ACTIVITY - Each line from the beginning of the entries below through the line that includes "Ornate colourful roof, Wat" must be returned exactly as given.

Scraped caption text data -
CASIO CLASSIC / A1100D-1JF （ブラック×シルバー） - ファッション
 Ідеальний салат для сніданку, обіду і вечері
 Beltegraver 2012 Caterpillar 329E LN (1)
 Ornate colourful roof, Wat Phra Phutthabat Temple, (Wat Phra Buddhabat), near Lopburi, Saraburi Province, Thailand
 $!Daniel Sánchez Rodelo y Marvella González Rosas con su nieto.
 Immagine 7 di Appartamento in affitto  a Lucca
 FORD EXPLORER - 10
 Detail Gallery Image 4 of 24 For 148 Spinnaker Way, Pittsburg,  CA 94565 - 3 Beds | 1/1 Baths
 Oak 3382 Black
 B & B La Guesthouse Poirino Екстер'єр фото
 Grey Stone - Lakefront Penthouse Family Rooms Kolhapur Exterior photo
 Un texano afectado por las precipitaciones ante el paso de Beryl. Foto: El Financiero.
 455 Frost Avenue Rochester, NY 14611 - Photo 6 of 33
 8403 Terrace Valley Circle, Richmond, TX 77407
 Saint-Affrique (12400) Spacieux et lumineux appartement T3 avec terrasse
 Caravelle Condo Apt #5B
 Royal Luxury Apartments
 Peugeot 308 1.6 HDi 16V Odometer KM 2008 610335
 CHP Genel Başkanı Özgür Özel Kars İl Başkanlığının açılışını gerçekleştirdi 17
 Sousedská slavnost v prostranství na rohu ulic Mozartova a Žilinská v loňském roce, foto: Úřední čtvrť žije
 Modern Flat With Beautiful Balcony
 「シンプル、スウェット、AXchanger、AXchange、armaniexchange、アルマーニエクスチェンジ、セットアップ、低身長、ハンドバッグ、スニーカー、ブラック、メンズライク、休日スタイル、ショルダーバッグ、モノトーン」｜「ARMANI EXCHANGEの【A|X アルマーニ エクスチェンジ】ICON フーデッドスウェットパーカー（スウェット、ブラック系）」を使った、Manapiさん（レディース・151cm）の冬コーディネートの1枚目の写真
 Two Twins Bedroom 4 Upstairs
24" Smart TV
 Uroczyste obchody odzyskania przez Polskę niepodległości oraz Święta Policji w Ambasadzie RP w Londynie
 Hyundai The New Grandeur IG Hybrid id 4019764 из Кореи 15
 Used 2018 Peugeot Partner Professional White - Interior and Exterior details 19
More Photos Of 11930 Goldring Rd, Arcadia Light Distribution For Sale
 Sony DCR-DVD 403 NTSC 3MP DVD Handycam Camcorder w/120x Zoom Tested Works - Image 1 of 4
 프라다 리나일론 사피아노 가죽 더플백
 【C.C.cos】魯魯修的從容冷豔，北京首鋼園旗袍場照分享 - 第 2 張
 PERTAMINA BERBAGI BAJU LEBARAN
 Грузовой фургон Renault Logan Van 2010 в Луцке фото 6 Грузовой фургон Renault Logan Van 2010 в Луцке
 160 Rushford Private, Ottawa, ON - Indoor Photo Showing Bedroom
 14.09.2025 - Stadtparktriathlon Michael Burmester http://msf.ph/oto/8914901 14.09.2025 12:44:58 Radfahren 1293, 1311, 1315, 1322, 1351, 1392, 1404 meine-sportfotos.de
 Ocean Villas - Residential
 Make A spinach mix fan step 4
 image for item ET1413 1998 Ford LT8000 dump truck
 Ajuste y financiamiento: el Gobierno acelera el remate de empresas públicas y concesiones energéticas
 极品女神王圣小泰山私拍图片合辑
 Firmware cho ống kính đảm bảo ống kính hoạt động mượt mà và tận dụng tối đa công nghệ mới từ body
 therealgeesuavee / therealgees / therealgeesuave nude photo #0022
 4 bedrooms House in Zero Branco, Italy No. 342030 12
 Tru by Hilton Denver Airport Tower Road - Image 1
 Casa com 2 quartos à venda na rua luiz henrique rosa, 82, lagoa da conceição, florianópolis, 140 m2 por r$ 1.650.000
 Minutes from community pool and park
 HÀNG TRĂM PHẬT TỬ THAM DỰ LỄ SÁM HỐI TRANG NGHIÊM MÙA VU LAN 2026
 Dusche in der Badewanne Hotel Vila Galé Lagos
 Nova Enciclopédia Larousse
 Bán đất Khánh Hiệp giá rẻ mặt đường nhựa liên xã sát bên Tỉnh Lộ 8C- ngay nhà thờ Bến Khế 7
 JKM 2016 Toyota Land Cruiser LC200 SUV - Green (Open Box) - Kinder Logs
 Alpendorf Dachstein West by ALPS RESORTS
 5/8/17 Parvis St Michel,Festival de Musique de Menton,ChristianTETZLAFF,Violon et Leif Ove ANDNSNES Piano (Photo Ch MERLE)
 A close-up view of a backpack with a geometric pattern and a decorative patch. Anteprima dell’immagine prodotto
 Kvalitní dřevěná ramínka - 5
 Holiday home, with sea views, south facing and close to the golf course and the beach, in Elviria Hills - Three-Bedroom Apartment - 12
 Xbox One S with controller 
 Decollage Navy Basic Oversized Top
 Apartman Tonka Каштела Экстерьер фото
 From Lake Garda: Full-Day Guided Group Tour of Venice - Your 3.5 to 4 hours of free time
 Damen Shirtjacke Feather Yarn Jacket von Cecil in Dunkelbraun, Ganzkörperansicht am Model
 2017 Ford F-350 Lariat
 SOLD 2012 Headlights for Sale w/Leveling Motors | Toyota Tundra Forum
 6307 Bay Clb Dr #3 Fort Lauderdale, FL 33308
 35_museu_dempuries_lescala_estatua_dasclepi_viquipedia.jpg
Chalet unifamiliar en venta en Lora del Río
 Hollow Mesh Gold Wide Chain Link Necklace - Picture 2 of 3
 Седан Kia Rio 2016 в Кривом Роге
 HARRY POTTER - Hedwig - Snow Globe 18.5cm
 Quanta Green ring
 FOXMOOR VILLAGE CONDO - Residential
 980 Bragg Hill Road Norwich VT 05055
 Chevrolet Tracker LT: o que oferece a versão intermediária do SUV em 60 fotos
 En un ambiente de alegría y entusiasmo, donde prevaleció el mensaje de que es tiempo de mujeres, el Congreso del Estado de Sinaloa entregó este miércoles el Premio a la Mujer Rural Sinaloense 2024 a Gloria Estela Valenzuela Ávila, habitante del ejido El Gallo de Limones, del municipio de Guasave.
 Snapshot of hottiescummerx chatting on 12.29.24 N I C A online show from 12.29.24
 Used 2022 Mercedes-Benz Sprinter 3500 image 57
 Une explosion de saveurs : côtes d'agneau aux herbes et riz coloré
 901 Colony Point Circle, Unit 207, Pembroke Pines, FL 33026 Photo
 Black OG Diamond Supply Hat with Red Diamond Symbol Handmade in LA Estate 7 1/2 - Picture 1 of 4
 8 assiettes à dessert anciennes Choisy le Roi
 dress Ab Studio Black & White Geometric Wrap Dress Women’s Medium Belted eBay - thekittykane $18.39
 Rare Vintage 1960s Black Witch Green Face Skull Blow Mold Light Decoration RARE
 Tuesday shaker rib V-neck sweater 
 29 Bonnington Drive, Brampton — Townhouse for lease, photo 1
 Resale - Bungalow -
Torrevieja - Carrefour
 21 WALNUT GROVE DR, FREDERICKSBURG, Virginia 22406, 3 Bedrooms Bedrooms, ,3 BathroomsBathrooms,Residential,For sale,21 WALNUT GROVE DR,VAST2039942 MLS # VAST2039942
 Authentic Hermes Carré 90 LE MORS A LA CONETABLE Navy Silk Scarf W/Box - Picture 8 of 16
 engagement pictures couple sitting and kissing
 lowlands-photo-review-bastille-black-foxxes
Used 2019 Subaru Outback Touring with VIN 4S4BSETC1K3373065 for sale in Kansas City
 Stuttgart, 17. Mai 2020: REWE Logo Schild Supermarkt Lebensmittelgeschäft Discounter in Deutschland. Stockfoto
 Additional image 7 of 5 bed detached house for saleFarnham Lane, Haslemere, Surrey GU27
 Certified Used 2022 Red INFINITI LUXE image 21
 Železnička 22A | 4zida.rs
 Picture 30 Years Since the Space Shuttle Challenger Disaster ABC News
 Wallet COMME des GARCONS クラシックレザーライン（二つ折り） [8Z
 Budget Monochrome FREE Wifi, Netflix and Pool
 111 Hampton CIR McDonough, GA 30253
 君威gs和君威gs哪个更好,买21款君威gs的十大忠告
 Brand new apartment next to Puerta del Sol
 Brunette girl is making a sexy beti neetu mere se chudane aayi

EXERCISE RESULT -
CASIO CLASSIC / A1100D-1JF （ブラック×シルバー） - ファッション
 Ідеальний салат для сніданку, обіду і вечері
 Beltegraver 2012 Caterpillar 329E LN (1)
 Ornate colourful roof, Wat Phra Phutthabat Temple, (Wat Phra Buddhabat), near Lopburi, Saraburi Province, Thailand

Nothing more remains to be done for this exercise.